> [YOUR GOAL] With the pictures left out, please return exactly the line holding "加齢とともに増加する「舌苔」　高齢者は誤嚥性肺炎の原因になることも　医師が解説" and each following line until the entries end.

[Extracted data entries]

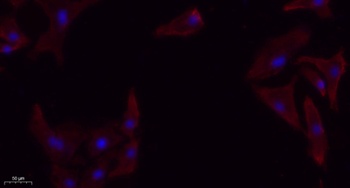 TGFβ RI rabbit pAb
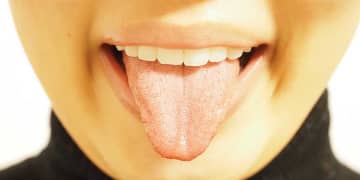 加齢とともに増加する「舌苔」　高齢者は誤嚥性肺炎の原因になることも　医師が解説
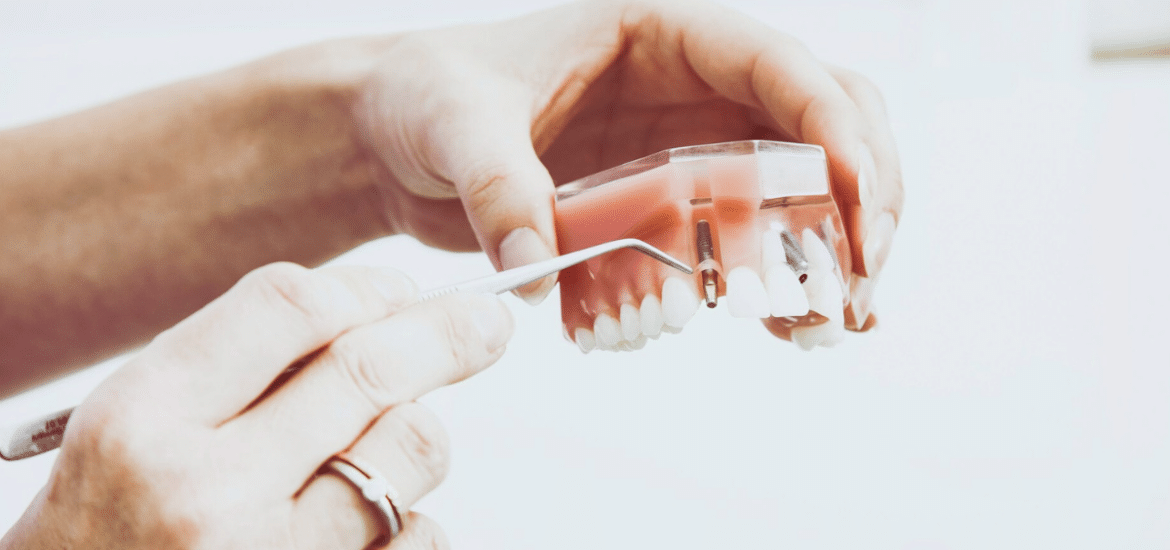 dental implant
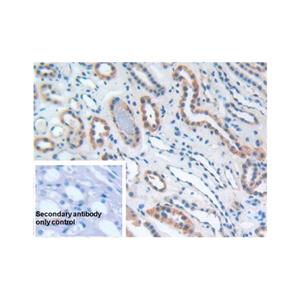 CD276 Antibody,CD276 Antibody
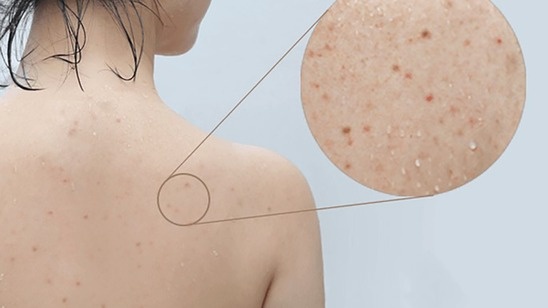 nguyen-nhan-hinh-thanh-mun-the-thao-va-cach-phong-ngua-hieu-qua Cropped.jpg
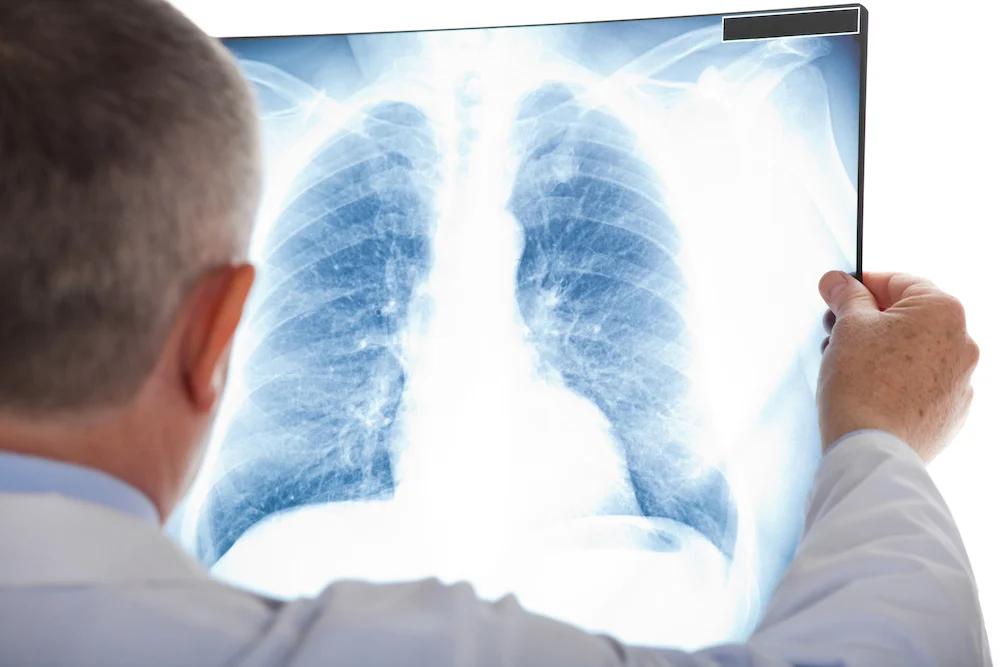 Nódulo Pulmonar: Qué Es, Tipos, Causas y Diagnóstico - Qué significa tener un nódulo que es un nodulo pulmonar - Qué significa tener un nódulo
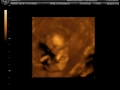 Ultrasound Vid at 14 weeks 2 days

> [RESULT]
 加齢とともに増加する「舌苔」　高齢者は誤嚥性肺炎の原因になることも　医師が解説
 dental implant
 CD276 Antibody,CD276 Antibody
 nguyen-nhan-hinh-thanh-mun-the-thao-va-cach-phong-ngua-hieu-qua Cropped.jpg
 Nódulo Pulmonar: Qué Es, Tipos, Causas y Diagnóstico - Qué significa tener un nódulo que es un nodulo pulmonar - Qué significa tener un nódulo
 Ultrasound Vid at 14 weeks 2 days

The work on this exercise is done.